If our faculty are like the intellectual parents for our students, Randy is the cool uncle.” - Dr. Thomas Hegna

“My objective in taking these students out on these field trips is to give them first-hand experience of doing real science, collecting the data, looking at the rocks and putting it into something that can be presented at a meeting or maybe even published down the road,” Mr. Blood explained.

For nearly six hours on an usually warm day, students learned about “taking a core” — drilling through multiple layers of Upper Devonian Rhinestreet black shale and extracting samples for analysis.

“I wanted students involved in being able to actually operate the coring tool, so they are actually drilling and cutting through the core,” Blood said. They learned how to label and package the core, so it can be taken to a lab for analysis, he explained, “which are all techniques that are incredibly important when you’re doing this stuff out on a job.”

A key takeaway from the Sturgeon Point experience for Shaun Saunders was learning the unique geology of the site: that the black shale at Sturgeon Point has phosphatic layers that can give the shale a whitish color. The shale also contains fish fossils and plant fossils, the senior Geology major from Portville, NY, said.

 

Shaun Saunders operates a drill, while Randy Blood operates a pump that injects water into the hole to cool the drill bit and wash out any rock debris generated by the bit.
Shaun Saunders operates a drill, while Randy Blood operates a pump that injects water into the hole to cool the drill bit and wash out any rock debris generated by the bit.

“Although I’ve gone drilling with Randy a couple times before, this opportunity gives me great experience on how to run a core drill, how to wrap up the cores for safe shipping and also what we use the cores for,” added Saunders, who would like to work in the oil and gas industry.

Colin McKee, of Buffalo, NY, embraces “hands-on experience,” so the field trip was a great opportunity to acquire new skills, especially those that involve drilling equipment. “I also became more efficient at reading the local stratigraphy and viewing the rock record, thanks to Dr. Hegna and his mini tour of the Sturgeon Point outcrop,” the senior Geology major said.

For Samuel Post, gaining insight into what’s involved in taking a core was a key takeaway from the Sturgeon Point field trip.

“When you make a core, you can see what a section looks like far past what is exposed to the surface. This way you can understand what happened over a long period of time,” the sophomore Geology and Environmental Sciences major from Crane Ridge, NY, said.

Attending graduate school to prepare to become a paleontologist is a goal of Mr.

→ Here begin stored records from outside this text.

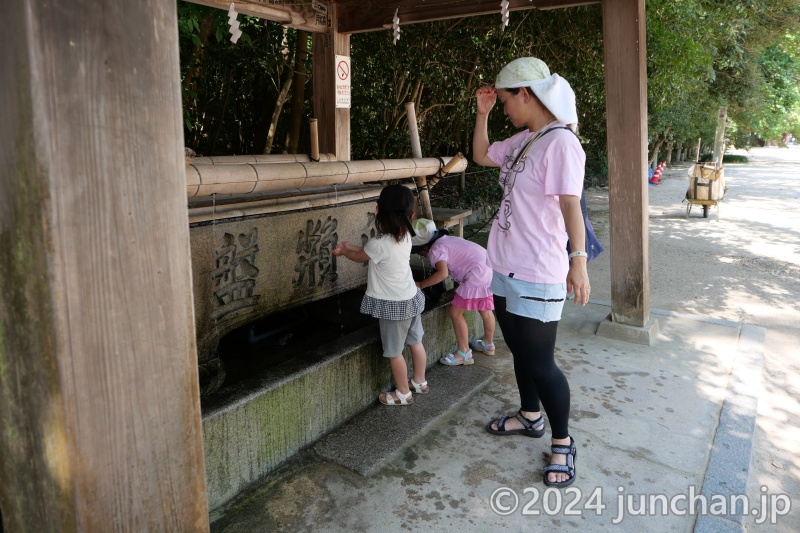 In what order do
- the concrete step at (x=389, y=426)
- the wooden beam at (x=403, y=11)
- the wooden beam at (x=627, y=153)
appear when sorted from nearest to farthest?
the concrete step at (x=389, y=426)
the wooden beam at (x=627, y=153)
the wooden beam at (x=403, y=11)

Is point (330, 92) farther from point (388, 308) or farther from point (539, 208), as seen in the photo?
point (539, 208)

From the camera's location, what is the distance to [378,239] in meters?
3.46

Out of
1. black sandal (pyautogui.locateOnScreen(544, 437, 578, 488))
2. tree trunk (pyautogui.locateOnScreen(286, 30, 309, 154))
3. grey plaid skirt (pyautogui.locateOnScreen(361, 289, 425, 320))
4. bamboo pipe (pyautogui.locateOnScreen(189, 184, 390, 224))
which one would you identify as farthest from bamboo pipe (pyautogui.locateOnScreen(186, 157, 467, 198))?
tree trunk (pyautogui.locateOnScreen(286, 30, 309, 154))

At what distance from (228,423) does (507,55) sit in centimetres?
716

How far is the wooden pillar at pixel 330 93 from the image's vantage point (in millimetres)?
5348

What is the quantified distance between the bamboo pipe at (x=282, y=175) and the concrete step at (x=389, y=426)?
1424 mm

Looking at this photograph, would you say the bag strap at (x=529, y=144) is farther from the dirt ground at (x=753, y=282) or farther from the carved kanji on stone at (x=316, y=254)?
the dirt ground at (x=753, y=282)

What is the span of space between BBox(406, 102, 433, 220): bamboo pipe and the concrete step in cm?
143

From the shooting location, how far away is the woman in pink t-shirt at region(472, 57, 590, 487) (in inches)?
106

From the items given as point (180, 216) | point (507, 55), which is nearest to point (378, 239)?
point (180, 216)

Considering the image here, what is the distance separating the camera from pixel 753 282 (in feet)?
23.9

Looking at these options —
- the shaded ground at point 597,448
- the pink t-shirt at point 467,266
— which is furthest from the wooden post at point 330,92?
the shaded ground at point 597,448

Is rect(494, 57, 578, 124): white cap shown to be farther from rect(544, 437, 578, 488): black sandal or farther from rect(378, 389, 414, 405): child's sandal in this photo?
rect(378, 389, 414, 405): child's sandal

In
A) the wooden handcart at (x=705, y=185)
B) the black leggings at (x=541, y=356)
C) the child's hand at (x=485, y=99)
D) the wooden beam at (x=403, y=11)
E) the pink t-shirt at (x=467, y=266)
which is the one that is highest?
the wooden beam at (x=403, y=11) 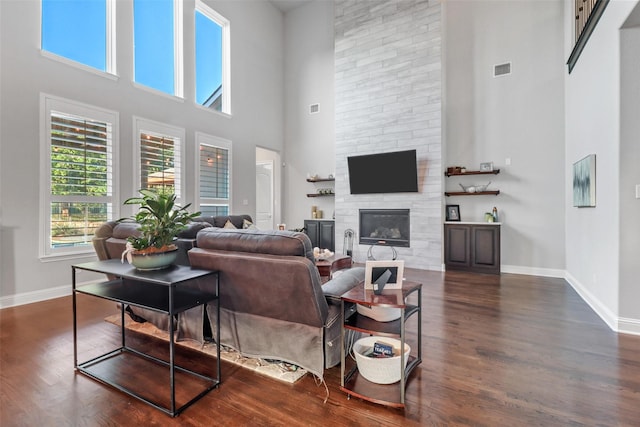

Post, who’s always loved learning about the deep past and wants to advance his knowledge in that field.

For Blood, it’s all about sharing what he’s learned throughout his career and higher education with students.

“That was the opportunity that was offered to me when I was at SUNY Fredonia as a student and it really helped to launch my career and made me successful as a geologist, and I want to make sure that I can provide that opportunity to students today,” he said.

“If our faculty are like the intellectual parents for our students,” Dr. Hegna reflected, “Randy is the cool uncle.”

I wanted students involved in being able to actually operate the coring tool, so they are actually drilling and cutting through the core.”- Randy Blood

Two years ago, this “cool uncle” and Hegna took students on a field trip to Walnut Creek near Silver Creek, NY, to collect a 30-foot core of rock to help some German researchers understand circumstances that led to a major mass extinction event on earth hundreds of millions of years ago.

The Great Basin area in Utah will be the destination of another student field trip during spring break coordinated by Hegna and Blood. Day-long excursions in the area will provide opportunities for students to learn about the geology there up close and in person, Hegna said. So far, 18 students have signed up for the week-long excursion.

“Sturgeon Point was more about job experience,” Hegna said. “Utah will be all about broadening their horizons.”

Blood, who has a M.S. in Geology from the State University at Buffalo, is an AAPG certified petroleum geologist with extensive experience in petrophysics and has worked in the oil and gas industry since 2006. Before establishing his own firm, DRB Geological Consulting, in 2019, Blood was a senior geologist, chief geoscientist, petrophysicist and geologist with several Pennsylvania firms.